START Exercise material
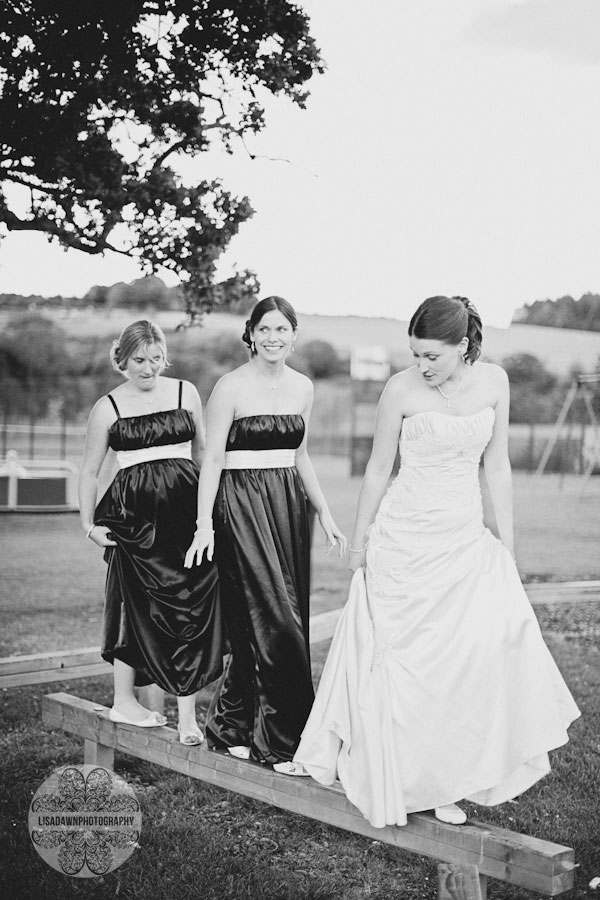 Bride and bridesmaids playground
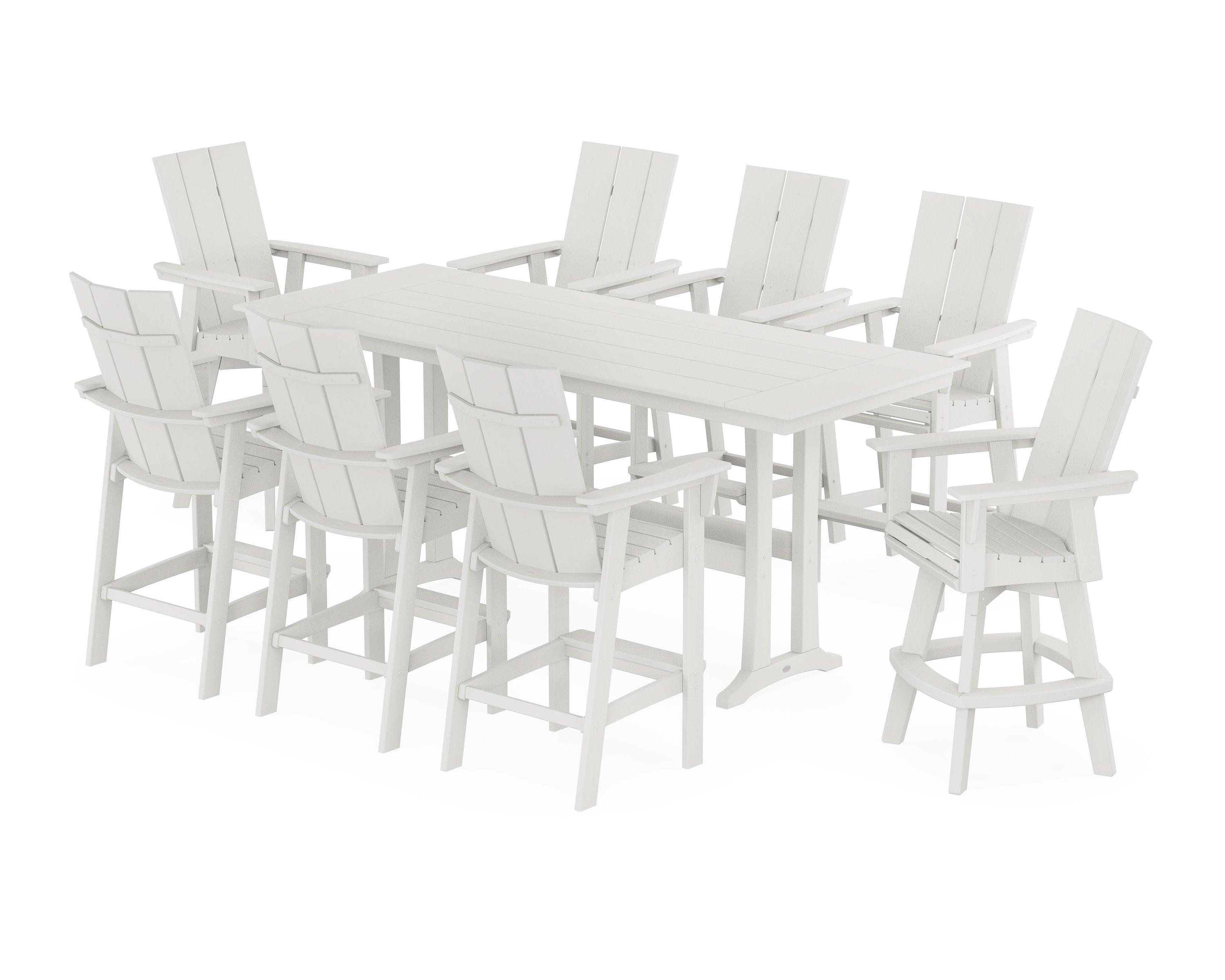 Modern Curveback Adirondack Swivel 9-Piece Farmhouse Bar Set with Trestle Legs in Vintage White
END Exercise material
START Exercise material
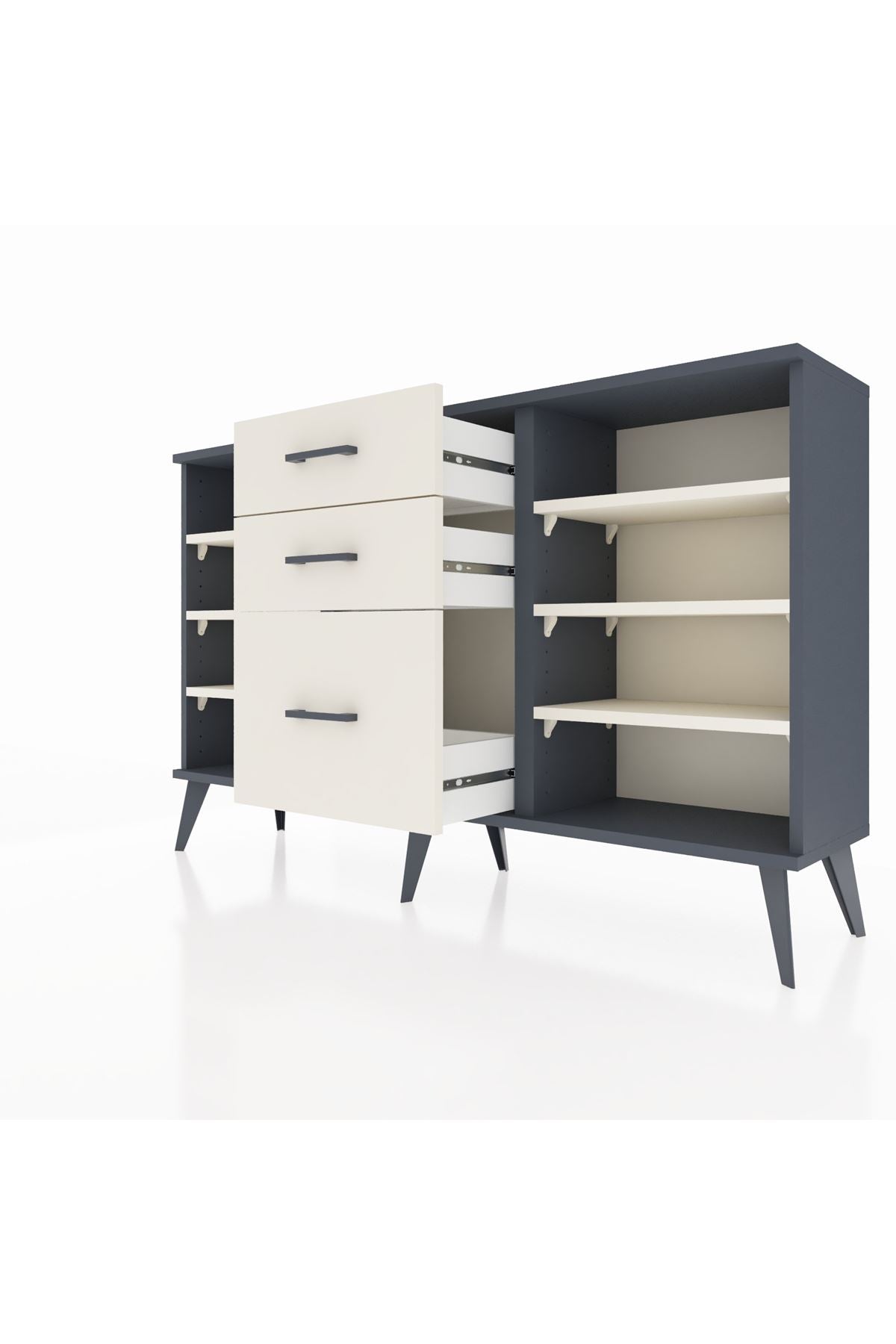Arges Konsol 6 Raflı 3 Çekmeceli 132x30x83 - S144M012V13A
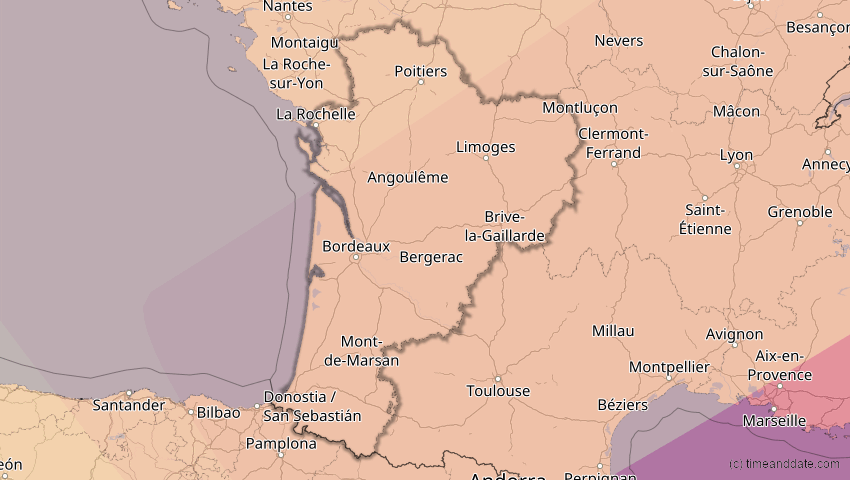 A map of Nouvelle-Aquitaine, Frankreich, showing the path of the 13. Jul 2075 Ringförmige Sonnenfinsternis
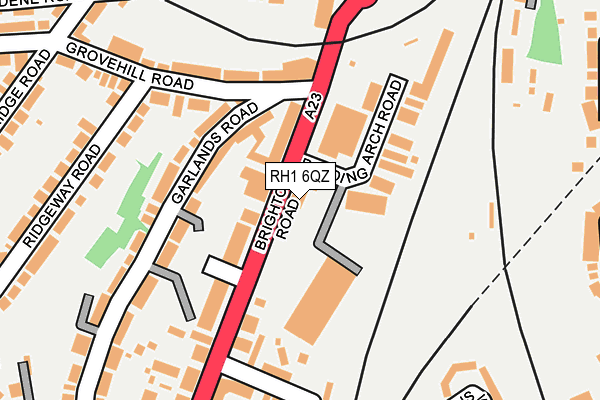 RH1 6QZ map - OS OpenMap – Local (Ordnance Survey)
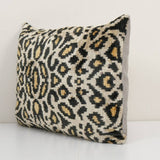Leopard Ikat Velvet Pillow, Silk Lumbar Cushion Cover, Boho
END Exercise material
START Exercise material
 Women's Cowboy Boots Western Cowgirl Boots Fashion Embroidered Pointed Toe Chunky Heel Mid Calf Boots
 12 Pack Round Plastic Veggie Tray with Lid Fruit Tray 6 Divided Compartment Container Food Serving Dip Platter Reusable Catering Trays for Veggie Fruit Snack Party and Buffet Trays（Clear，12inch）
END Exercise material
## Problem to solve
Using the data above, print only the lines starting at the one with "Arges Konsol 6" and ending at the one with "Leopard Ikat Velvet", exactly as they stand, minus the pictures.

## Problem solution
Arges Konsol 6 Raflı 3 Çekmeceli 132x30x83 - S144M012V13A
 A map of Nouvelle-Aquitaine, Frankreich, showing the path of the 13. Jul 2075 Ringförmige Sonnenfinsternis
 RH1 6QZ map - OS OpenMap – Local (Ordnance Survey)
Leopard Ikat Velvet Pillow, Silk Lumbar Cushion Cover, Boho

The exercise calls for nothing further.